I guess you can see from that that drama motivates me. LOL

But I also have a lovely, smaller-size suit hanging outside my closet door. I want to wear that to the NOLA conference the first week in March...and it just about fits. So I've got lots of motivation like wind at my back!

I've also gotten some great recipes for things like chicken. Once I get permissions from the writers who gave them to me, I'll be posting them in the Homecooking Blog just a few clicks away on

So stay tuned!


Saturday, January 9, 2010

Interesting Week

This has been an interesting week. Not only did I finally hit the point where I liked the first 100 pages of my new book enough that I could move on, but also I stuck to my low cal diet.
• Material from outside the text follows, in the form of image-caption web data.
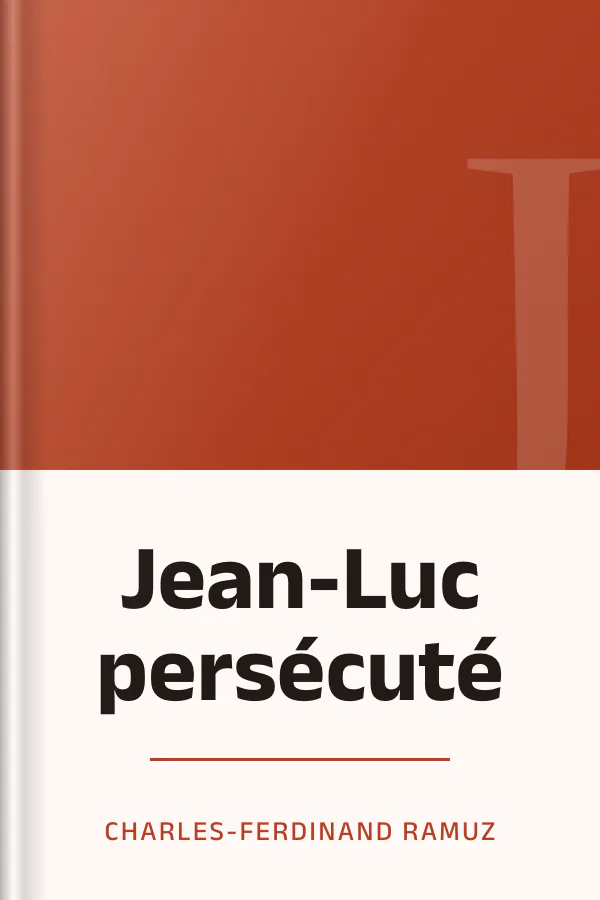 Jean-Luc persécuté de Charles-Ferdinand Ramuz, couverture du livre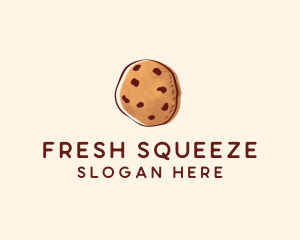 Chocolate Chip Cookie Biscuit logo design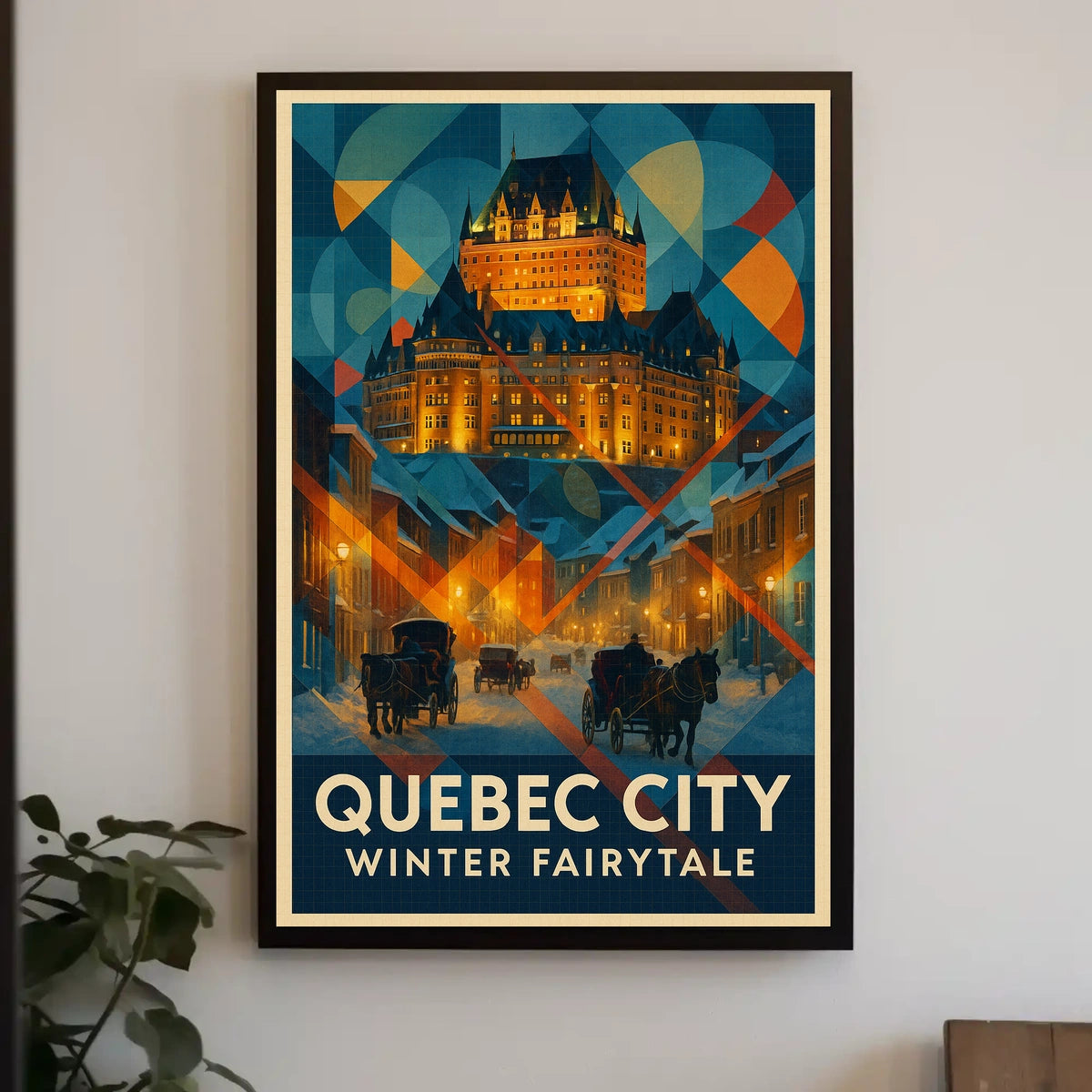 Quebec City Winter Fairytale Poster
I feel as if there should be a billboard somewhere congratulating me!

Lots of people think that writing books gets easier as you go along. I'm now well past 40 books (I should really count them someday) and yet this book has been difficult. Not because I've forgotten what to do but because I really, really, really want to get it right.

The characters are amazing. The storyline is wonderful. I'd hate to screw it up with poor execution! LOL

That's the kind of thing writers agonize over. We don't really care about reviews...we love the good and forget the bad! LOL We care about sales. We certainly want our books to get out to the public. But a lot of that is out of our control so we let it go to the universe.

But...execution of story? Finding a really great story with wonderful characters and making sure it's executed in such a way that it makes you laugh and cry and root for the hero and heroine...That's poetry to us. Nirvana.

So if it takes a little longer to get something in...we're okay with that as long as our publisher is too.